You've built your scraper and it's pulling data beautifully. Now what? Where you store that data determines whether your project scales or collapses under its own weight.

This guide covers the four most common storage approaches for scraped data — flat files, relational databases, document stores, and cloud storage — with practical code examples so you can pick the right one for your use case.

Quick Decision Matrix

Storage Best For Scale Setup
CSV/JSON files Prototyping, small datasets (<100K rows) Low Zero
PostgreSQL Structured data, deduplication, analytics High Medium
MongoDB Semi-structured data, varying schemas High Medium
Cloud (S3/BigQuery) Archival, massive datasets, team access Very High Higher

1. Flat Files: CSV and JSON

Perfect for quick experiments.
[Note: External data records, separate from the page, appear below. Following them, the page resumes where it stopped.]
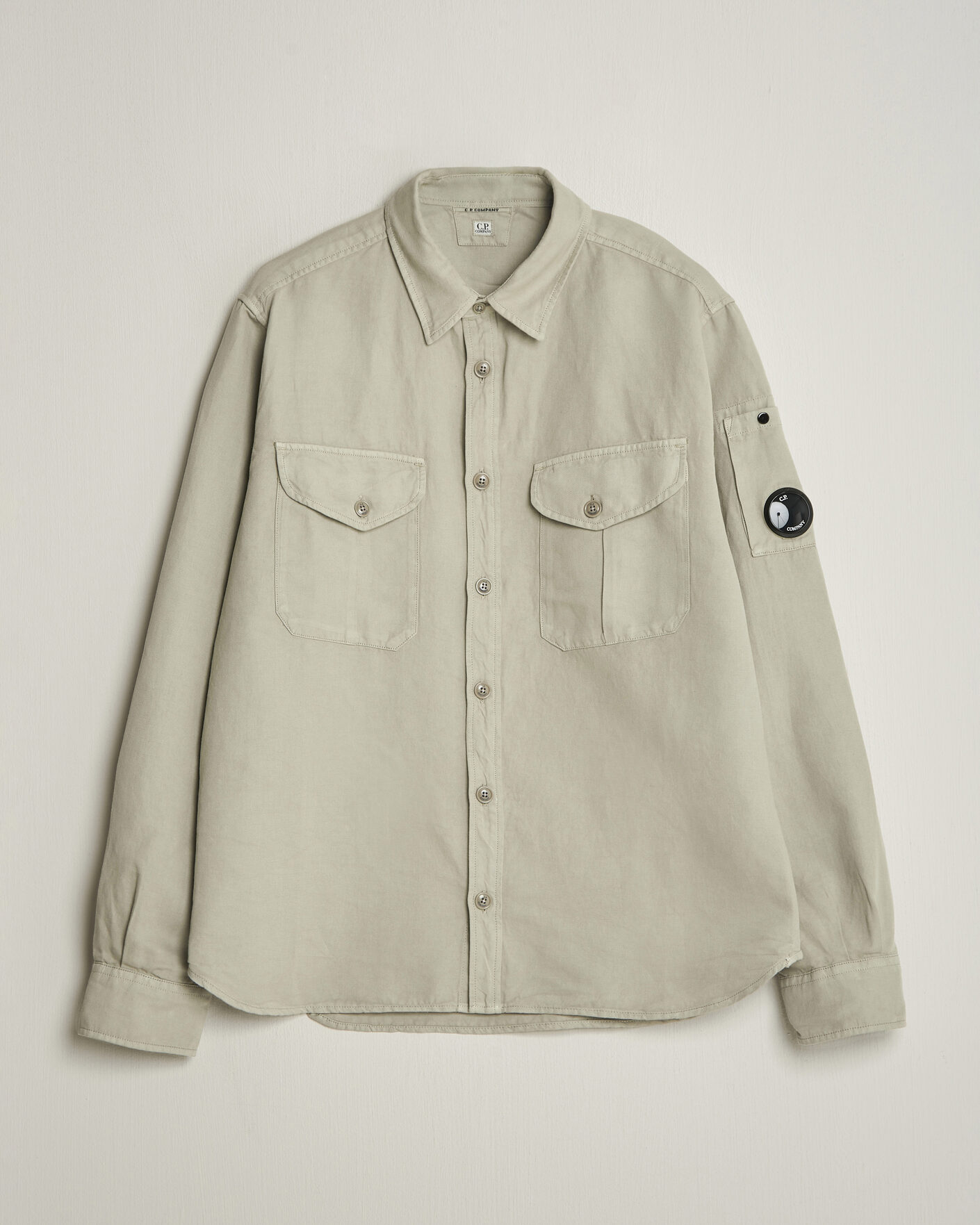 Herre | Skjorter | C.P. Company | Cotton/Linen Pocket Shirt Light Grey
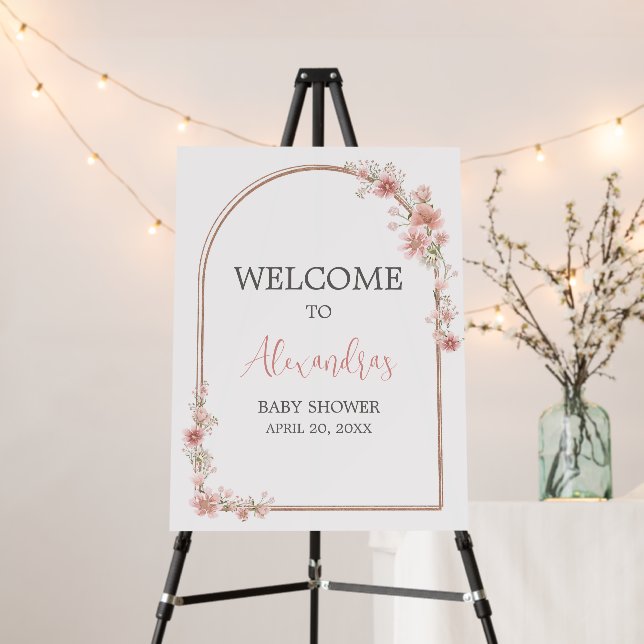 Blush Pink Floral Arch Baby Shower Welcome Sign (In Situ (Stand))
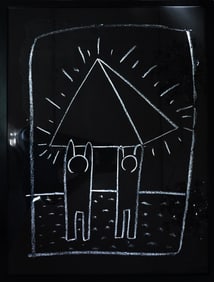 Keith Haring "Untitled "(Subway Drawing) Chalk on Black Paper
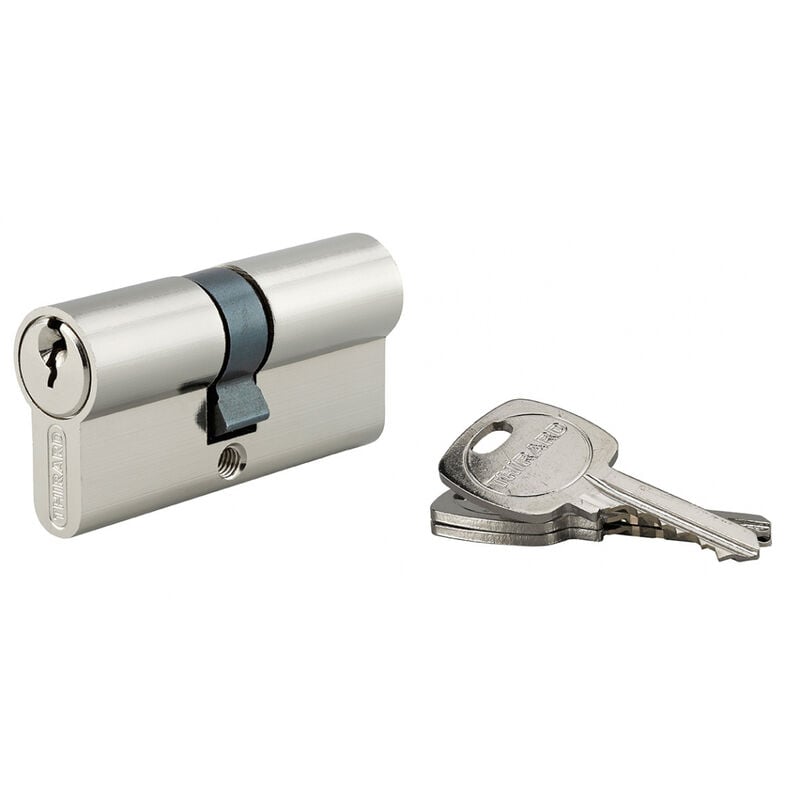 Thirard - Cylindre de serrure double entrée std unikey (achetez-en plusieurs, ouvrez avec la même clé), 30x35mm, 3 clés, nickelé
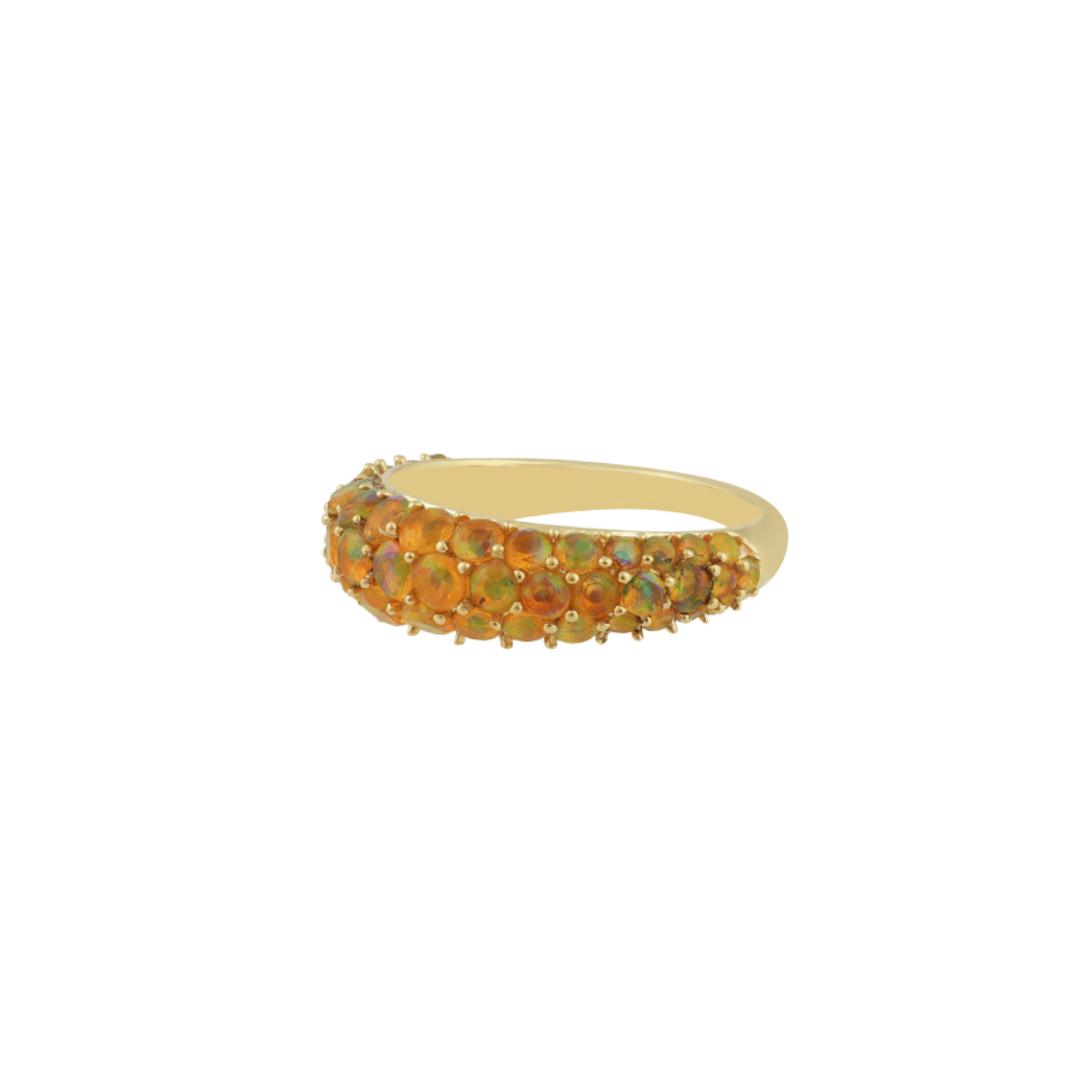 Opal Pavė Dome Ring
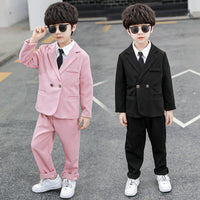 Spring and Autumn Fashion Children's Clothing Korean Boy's Suit Two-Piece Children's Small Suit suit Flower Girl Handsome Dress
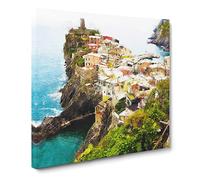 View of Cinque Terre in Italy Canvas Print | Gallery Wrapped 30mm Frame Wall Art | 20x20 inches | Ready to Hang | Abstract Picture | Living Room Bedroom Lounge Office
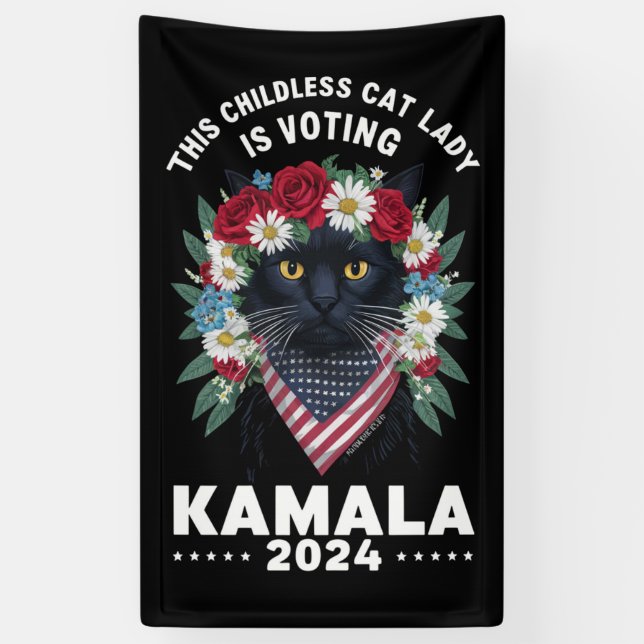 Banderoles Cette Femme-Chat Sans Enfant Vote Kamala (Vertical)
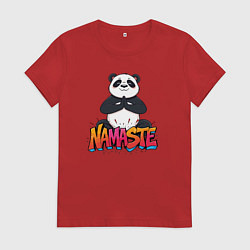 Футболка хлопковая женская Панда на намасте, цвет: красный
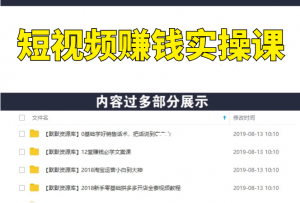 短视频赚钱实操课，给你6把通关钥匙，一个人0基础也能做出百万播放量(无水印)-多课资源站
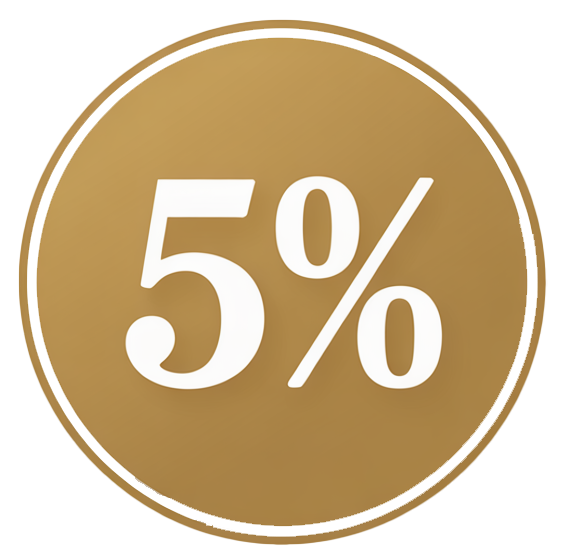 Tot 10% Korting + Gratis Verzending | Gifts & Weddings" 3 5% korting icoon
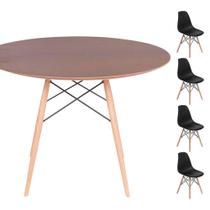 Conjunto Mesa Eames Eiffel DSW Redonda Imbuia 90cm + 4 Cadeiras Eames DSW - Preta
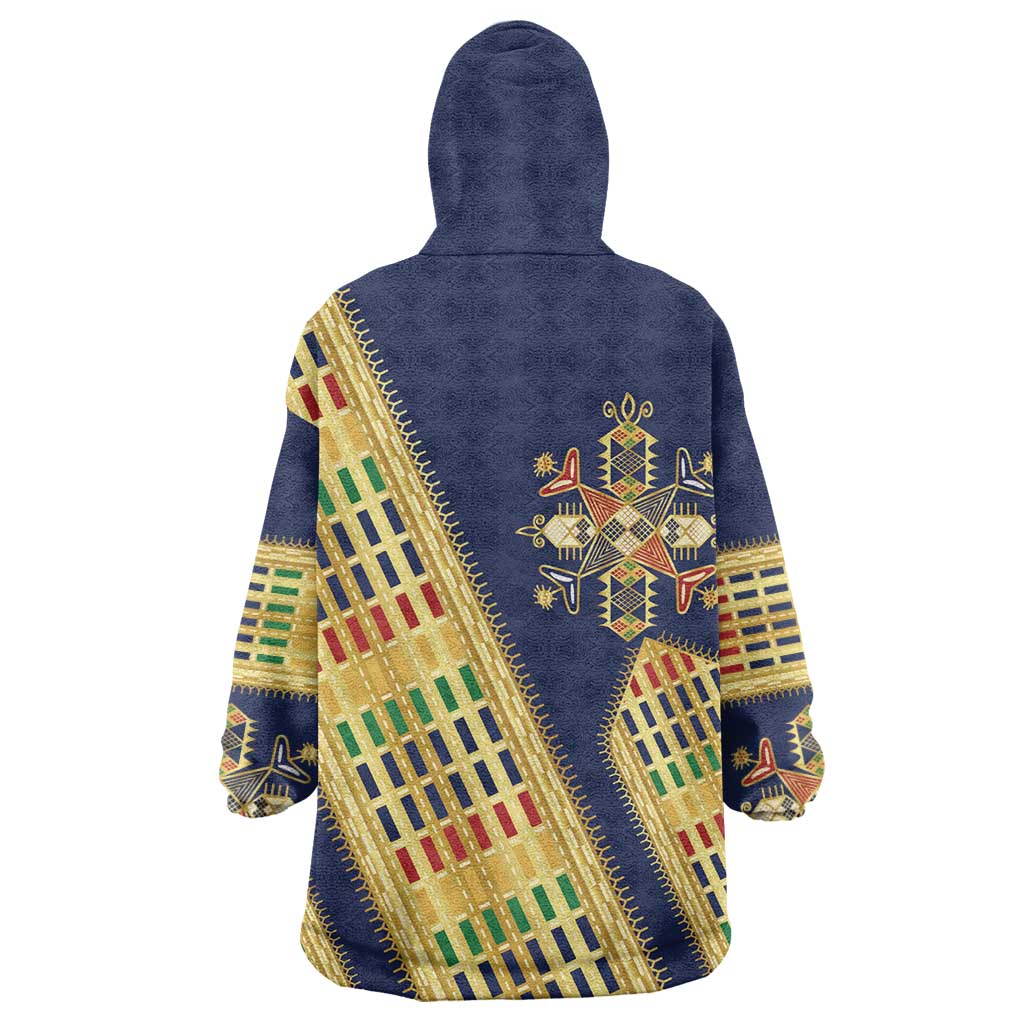 Habesha Kemis Inspired Tilet Pattern Wearable Blanket Hoodie Royal Blue - Gold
Don't underestimate simplicity.

import csv
import json

# CSV — great for tabular product data
products = [
    {"name": "Widget Pro", "price": 29.99, "url": "https://example.com/widget"},
    {"name": "Gadget X", "price": 49.99, "url": "https://example.com/gadget"},
]

with open("products.csv", "w", newline="") as f:
    writer = csv.DictWriter(f, fieldnames=["name", "price", "url"])
    writer.writeheader()
    writer.writerows(products)

# JSON — better for nested/variable structures
with open("products.json", "w") as f:
    json.dump(products, f, indent=2)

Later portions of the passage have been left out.